I’ve written down this lemon pasta recipe on a napkin so many times for friends that I thought I should actually shoot it and add it to the blog. It’s a zesty five ingredient lemon pasta recipe that’s one of my favorites to throw together when I’m short on time. Not only is it quick and easy to make, but it also reminds me of Italy. I have several different variations of it (perhaps I’ll share those other recipes too!) as I used to make pasta quite a bit when I was training to run a marathon.
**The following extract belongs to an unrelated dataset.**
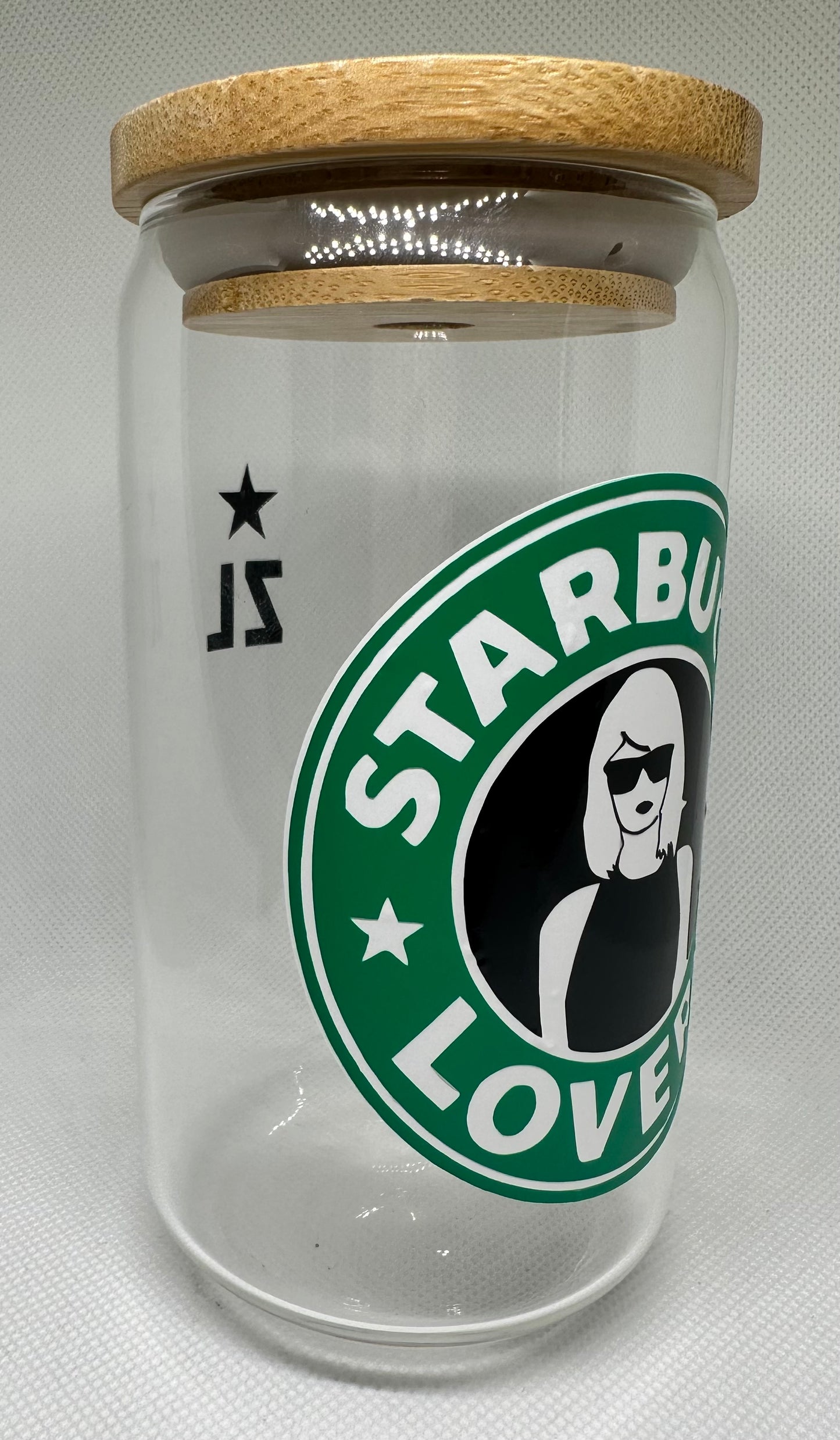 Starbucks Lovers (Swiftie) glass with bamboo lid and straw 16oz
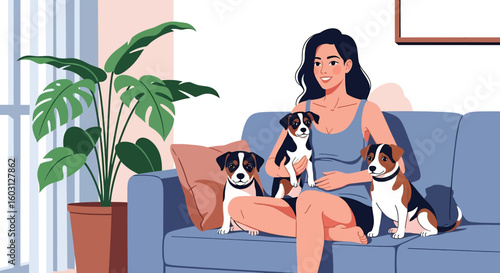 Adobe Illustrator artwork flat style illustration of a woman relaxing on a sofa with two adorable pet puppies. Ideal for themes of animal companionship, home comfort, and modern living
Now I just make it when I’m craving something comforting and delicious. Here’s the best part, it’s only 5 ingredients! Yes! Only 5! And one bowl too, so there’s less dishes to do. If you’ve never had pancetta, it’s basically like gourmet Italian bacon made from pork belly and cured with salt. The spices from the pancetta season it perfectly, while the lemon and peas give it a really fresh flavor that’s perfect for spring or summer meals out on our patio. And my secret ingredient – mascarpone. Rather than using butter or heavy cream, I use mascarpone cheese with lemon juice to make light sauce. As for pasta, you can really use any type that is bite-sized (rather than a ribbon shaped pasta like spaghetti or tagliatelle). I prefer tortellini since it’s a bit meatier and has a little surprise of cheese or meat inside to make this a more substantial meal. I hope you enjoy this lemon pasta with peas and pancetta as much as we do!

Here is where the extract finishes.